THE TASK:
The lines to print run from the top of the material below to the line with "RHYTHM日本麗聲 撞色藝", inclusive; please copy them exactly, without pictures.

DATA TO USE:
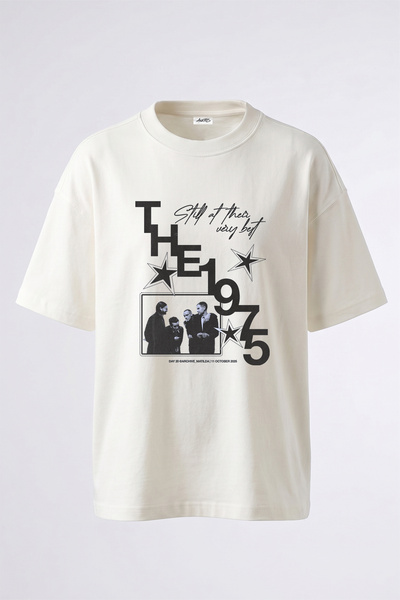 Anetos The 1975 Design Printed Oversize White T-Shirt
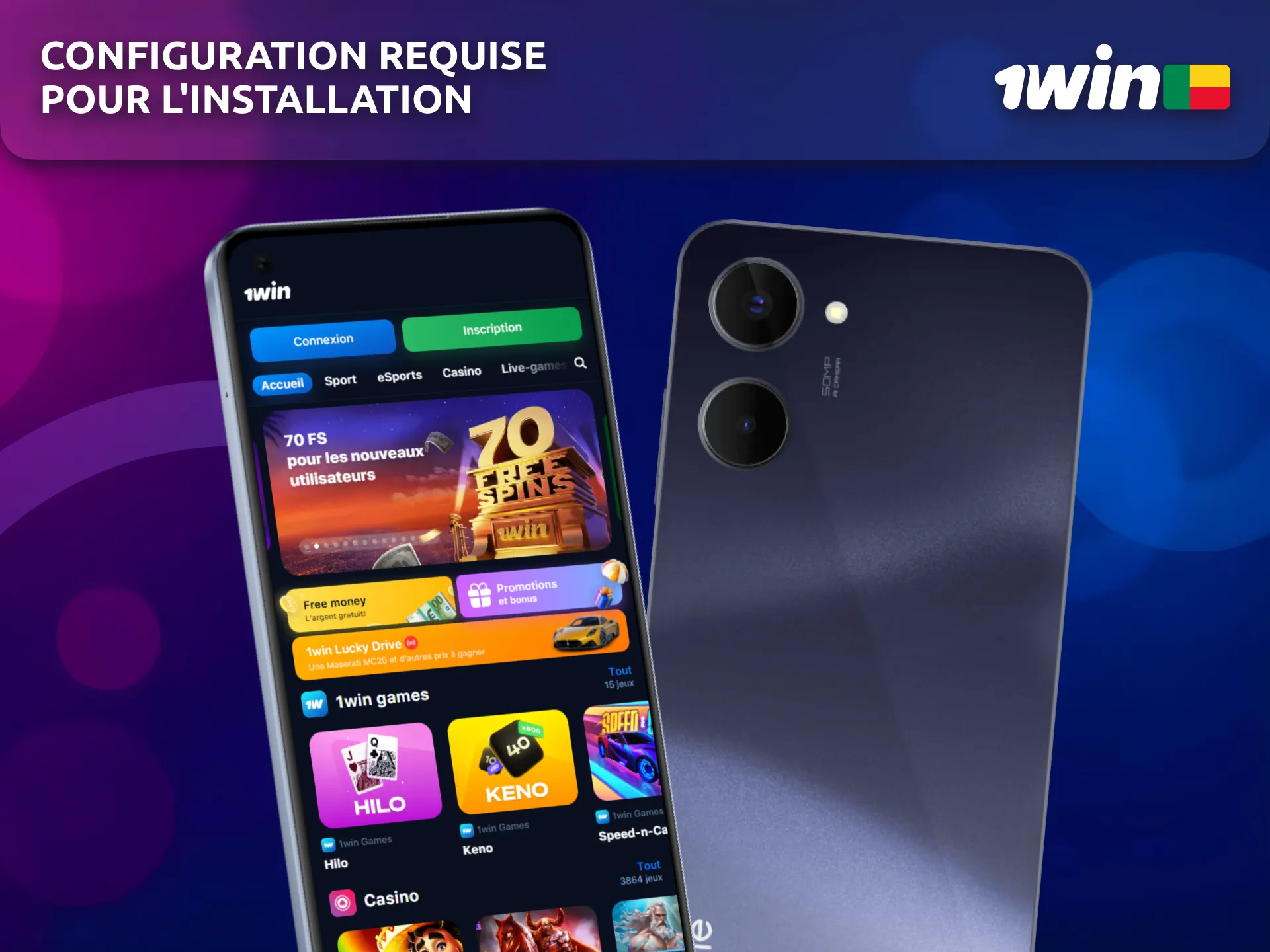 Vérifiez la configuration requise pour installer l’app 1Win sur Android au Bénin.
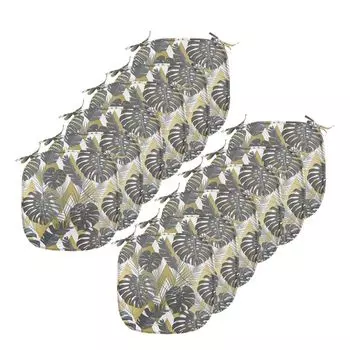 Подушки на обеденный стул ABAKUHAUS Monstera Leaf, современный стиль Aloha, декоративная водонепроницаемая подушка с ремнями для кухонных сидений, 40 см x 40 см — упаковка из 12 шт., цвет «кока-серый» и хаки, зеленый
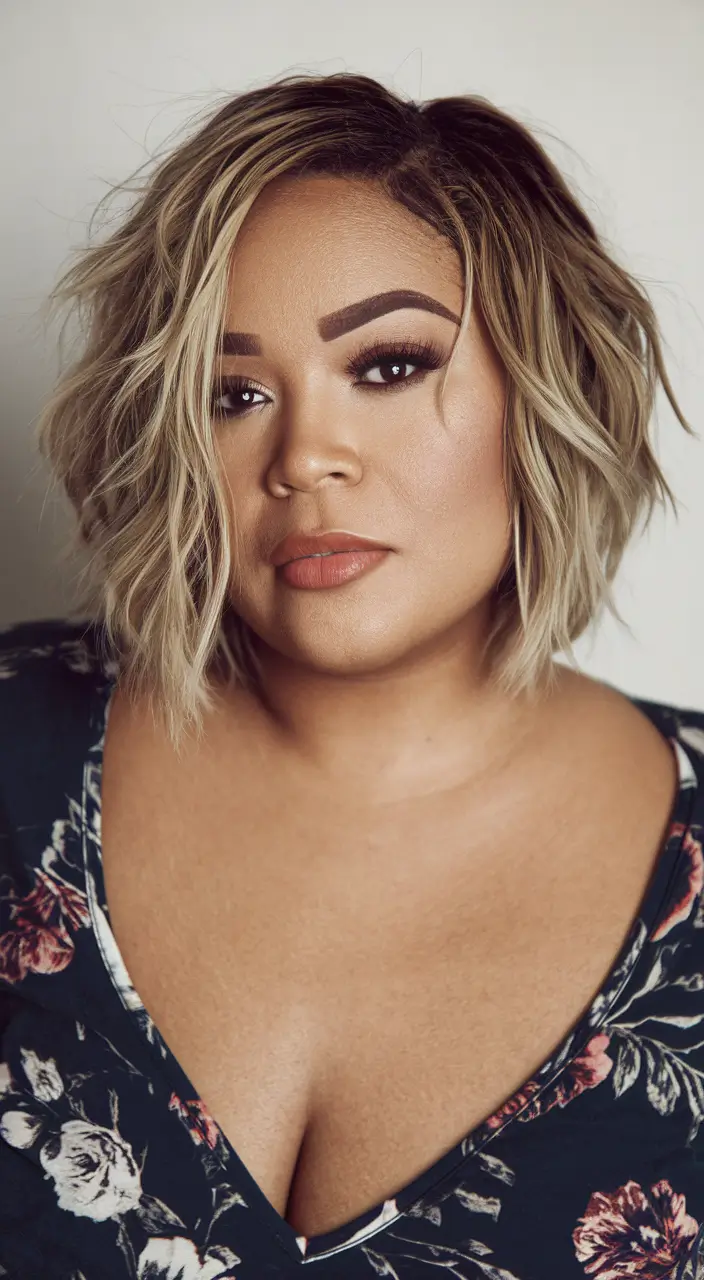 summer haircuts for chubby faces Layered Bob with Sandy Blonde Balayage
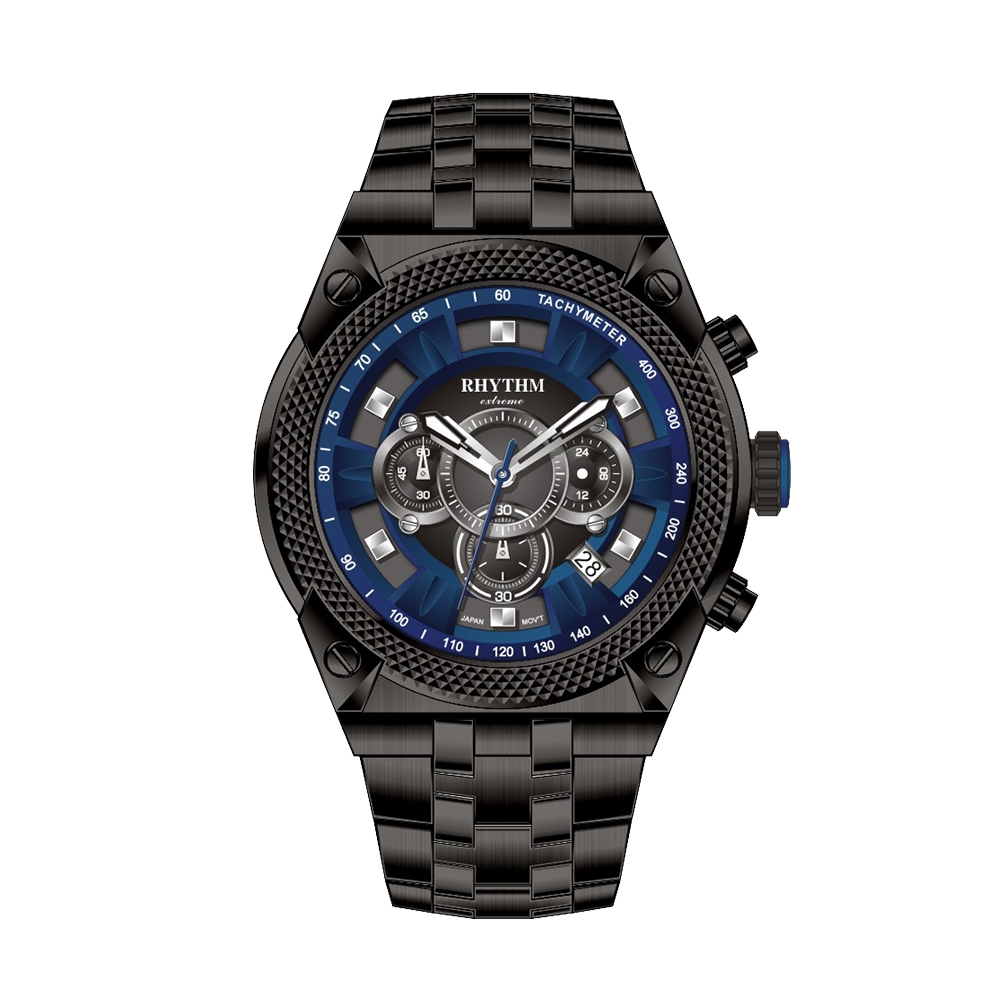 RHYTHM日本麗聲 撞色藝術防水100米三眼日期顯示石英不鏽鋼腕錶-黑藍/53mm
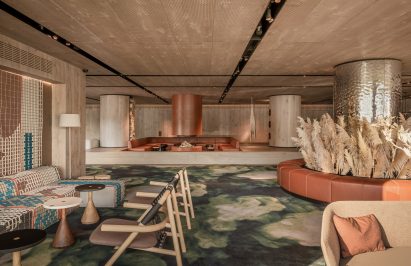 Interior of the Grand Emily Hotel Lobby in Ukraine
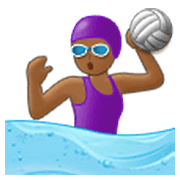 🤽🏾‍♀️ Emoji Mujer Jugando Al Waterpolo: Tono De Piel Oscuro Medio en Samsung One UI 3.1.1.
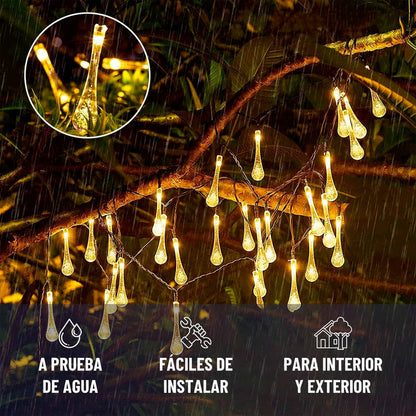 Pack 2 Luces Navidad Guirnaldas Solares Luces De Navidad 5m Cálida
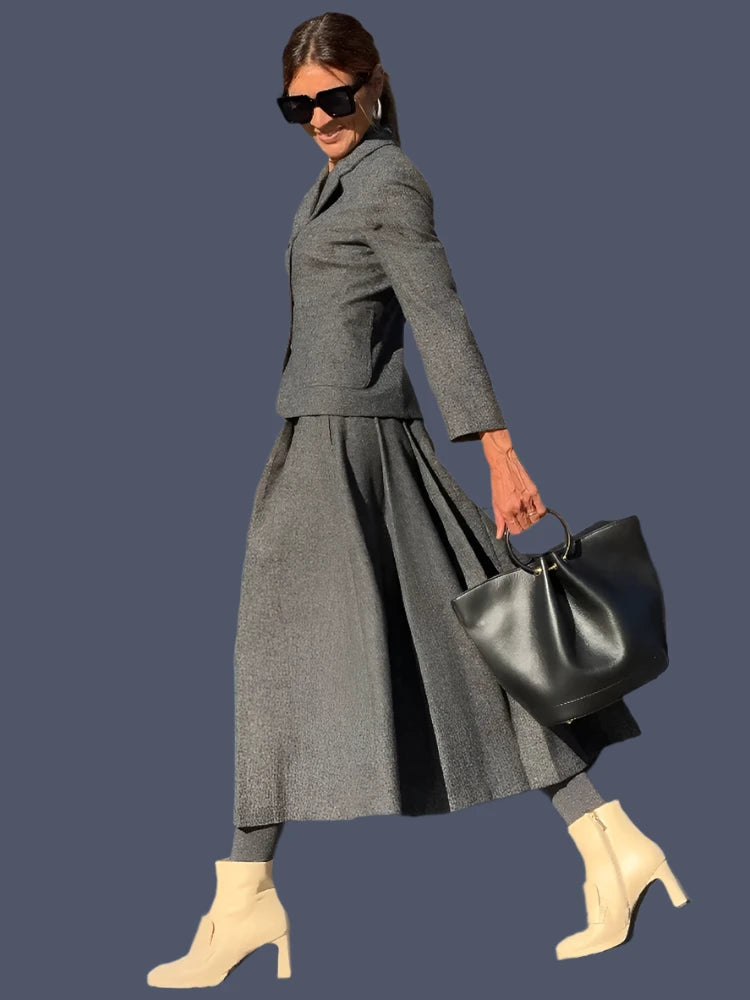 2024 Autumn Women Fashion Suits Trend Solid V Neck Textured Slim Blazer + With Pleats Commute Office Lady Female Skirt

EXPECTED ANSWER:
 Anetos The 1975 Design Printed Oversize White T-Shirt
 Vérifiez la configuration requise pour installer l’app 1Win sur Android au Bénin.
 Подушки на обеденный стул ABAKUHAUS Monstera Leaf, современный стиль Aloha, декоративная водонепроницаемая подушка с ремнями для кухонных сидений, 40 см x 40 см — упаковка из 12 шт., цвет «кока-серый» и хаки, зеленый
 summer haircuts for chubby faces Layered Bob with Sandy Blonde Balayage
 RHYTHM日本麗聲 撞色藝術防水100米三眼日期顯示石英不鏽鋼腕錶-黑藍/53mm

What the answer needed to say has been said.